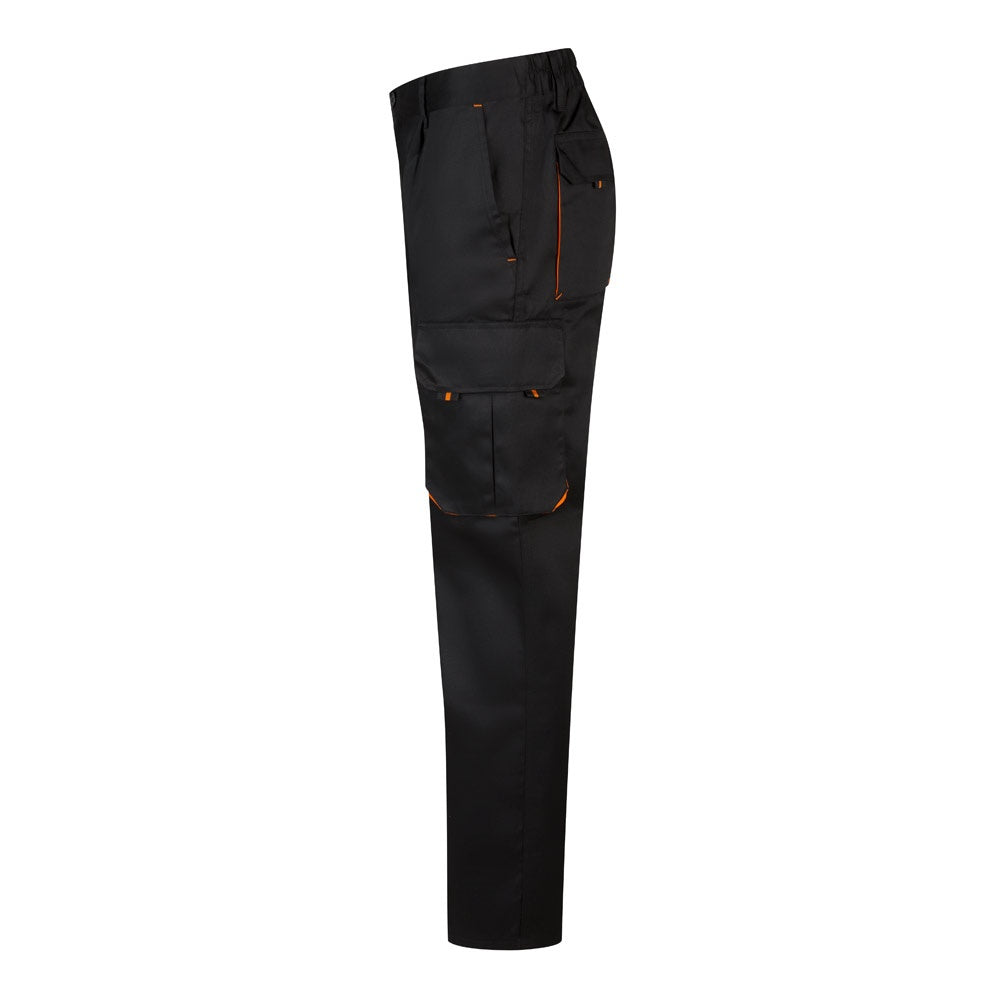 VL HYPNOS promotional workwear garment in black / orange (detail view) with custom logo branding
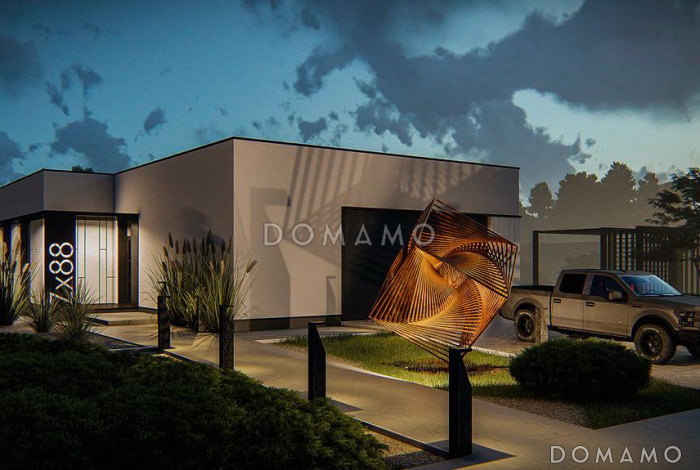 Проект одноэтажного дома из кирпича с просторной гостиной, мастер-спальней и гаражом на 2 машины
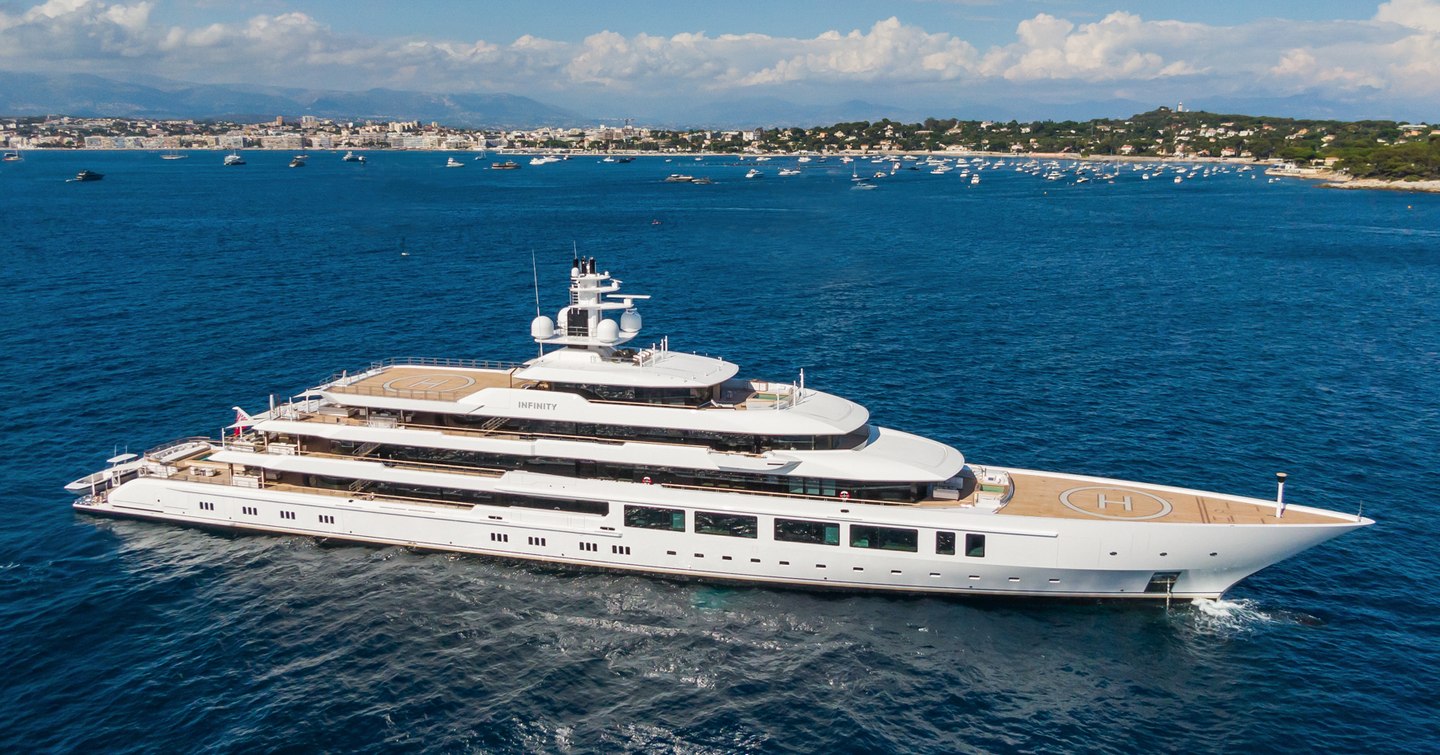 Superyacht Infinity on water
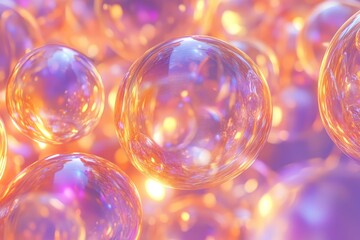 A multitude of translucent spheres, glowing with iridescent colors, create a mesmerizing abstract visual.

++++++++++++++++++++

:: WHAT THE TASK ASKS ::
I'd like the material duplicated exactly, without its pictures.

:: EXERCISE SOLUTION ::
 VL HYPNOS promotional workwear garment in black / orange (detail view) with custom logo branding
 Проект одноэтажного дома из кирпича с просторной гостиной, мастер-спальней и гаражом на 2 машины
 Superyacht Infinity on water
 A multitude of translucent spheres, glowing with iridescent colors, create a mesmerizing abstract visual.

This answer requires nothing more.